■ GOAL OF THE EXERCISE ■
Repeat the following data exactly, omitting pictures.

■ DATA SECTION ■
####################
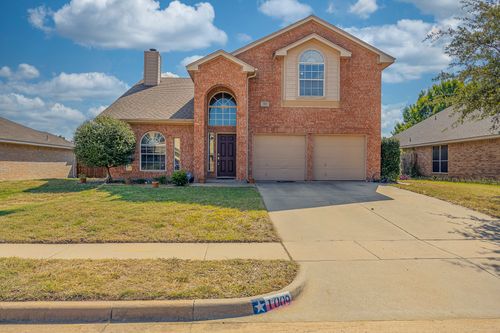 1009 Windsor Dr, Saginaw, TX, 76179-6353 | Card Image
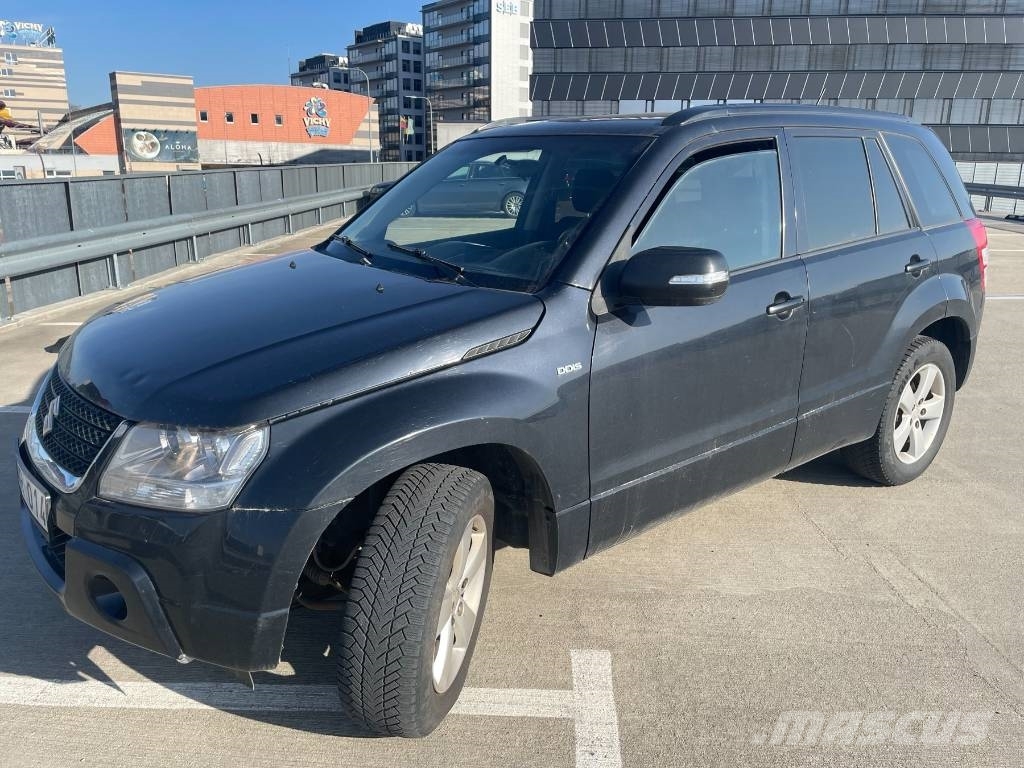 Suzuki Grand Vitara Всюдиходи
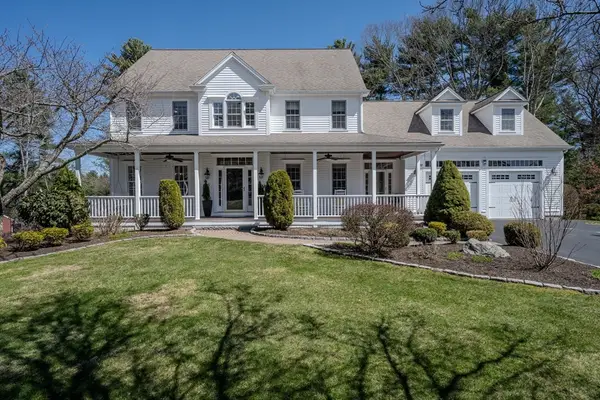 31 Hunt Dr, Stoughton, MA 02072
####################
■ PROBLEM SOLUTION ■
 1009 Windsor Dr, Saginaw, TX, 76179-6353 | Card Image
 Suzuki Grand Vitara Всюдиходи
 31 Hunt Dr, Stoughton, MA 02072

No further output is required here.